Minimum absolute sum of 2 elements from 2 different lists

Question

I am currently stuck on this problem, it is from a very highly competitive contest and so it is highly difficult as well. Below is the statement:

There are 2 lists of integers with the same length. 
Pick an integer from each list and
calculate the absolute value of their sum. 
Return the minimum value for the value.

Example: list1 = [1, 2]; list2 = [-2, 3] => result = 0

Explanation : take 2 and -2

Can anyone help?

Problem Source: 2008 Vietnamese National Student Competition ("Kì thi học sinh giỏi quốc gia"), question 1

I know that there is a brute force solution, but I got Time Limit Exceed (TLE), which means this MUST be done with less than $O(n^2)$ time complexity.

Answer 1

An $O(n\log n)$ solution:

Sort the second list. For every element of the first, let $e$, find the two elements just smaller and just larger than $-e$, by dichotomic search. Then keep the smallest absolute sum. It is possible that one of the two elements does not exist.
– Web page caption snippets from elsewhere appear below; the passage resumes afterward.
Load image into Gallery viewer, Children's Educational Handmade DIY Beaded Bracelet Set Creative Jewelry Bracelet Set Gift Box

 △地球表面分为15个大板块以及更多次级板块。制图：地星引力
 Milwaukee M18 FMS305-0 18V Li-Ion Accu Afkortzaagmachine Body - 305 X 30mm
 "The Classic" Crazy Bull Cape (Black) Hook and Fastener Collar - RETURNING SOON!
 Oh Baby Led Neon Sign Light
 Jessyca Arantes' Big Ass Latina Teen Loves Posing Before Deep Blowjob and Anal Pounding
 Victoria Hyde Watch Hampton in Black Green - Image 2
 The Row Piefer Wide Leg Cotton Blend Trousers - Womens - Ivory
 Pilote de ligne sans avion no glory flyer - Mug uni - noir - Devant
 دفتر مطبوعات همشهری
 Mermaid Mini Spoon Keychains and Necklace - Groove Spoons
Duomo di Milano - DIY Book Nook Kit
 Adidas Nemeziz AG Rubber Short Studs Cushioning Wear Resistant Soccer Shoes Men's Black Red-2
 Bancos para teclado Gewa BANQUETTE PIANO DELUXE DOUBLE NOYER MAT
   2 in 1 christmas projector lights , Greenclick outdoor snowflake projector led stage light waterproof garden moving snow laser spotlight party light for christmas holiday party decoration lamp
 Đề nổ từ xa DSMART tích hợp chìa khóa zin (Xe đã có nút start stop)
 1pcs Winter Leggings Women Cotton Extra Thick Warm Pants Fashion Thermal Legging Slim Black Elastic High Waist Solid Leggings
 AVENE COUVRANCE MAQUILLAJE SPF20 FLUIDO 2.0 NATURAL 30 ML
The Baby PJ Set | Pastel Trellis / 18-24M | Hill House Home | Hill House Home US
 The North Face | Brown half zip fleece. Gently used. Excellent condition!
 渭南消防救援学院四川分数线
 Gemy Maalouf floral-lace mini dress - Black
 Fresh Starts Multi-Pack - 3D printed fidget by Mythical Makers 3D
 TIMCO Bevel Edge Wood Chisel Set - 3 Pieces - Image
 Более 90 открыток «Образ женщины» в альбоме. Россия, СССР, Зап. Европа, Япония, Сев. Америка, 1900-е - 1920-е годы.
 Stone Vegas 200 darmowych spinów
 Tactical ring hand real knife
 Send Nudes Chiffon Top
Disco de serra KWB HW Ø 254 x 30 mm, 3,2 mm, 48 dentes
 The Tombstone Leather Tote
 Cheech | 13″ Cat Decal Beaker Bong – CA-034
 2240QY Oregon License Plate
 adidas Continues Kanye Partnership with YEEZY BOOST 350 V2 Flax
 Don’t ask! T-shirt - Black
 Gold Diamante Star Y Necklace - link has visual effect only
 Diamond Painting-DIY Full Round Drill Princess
E.g. $-7,-3,4, 6$ vs. $-2,-1,4,9$.

$\begin{align}-7&\to4<7<9&\to2\\-3&\to-1<3<4&\to1\\4&\to.<-4<-2&\to2\\6&\to .<-6<-2&\to4\end{align}$

Answer 2

A solution that will often take not much more than n operations (but no guarantee):

1. In constant time find the range of both arrays, like -7 .. 6 and -2 .. 9 in the example.
2. Calculate the number of sums (16 in this case).
3. Make a guess for the smallest absolute difference say 2 in this case.
4. Create a hash table that lets you look up x div 2 (in this example) quickly, fill it with items from the second array.

Now look up the values from the first array. Say the first array had a value of -7, so you look up 2, 3 and 4 in the hash table. This would find values from 4 to 9, with an absolute value of the sum from 0 to 3. There’s a good chance to find the solution in linear time.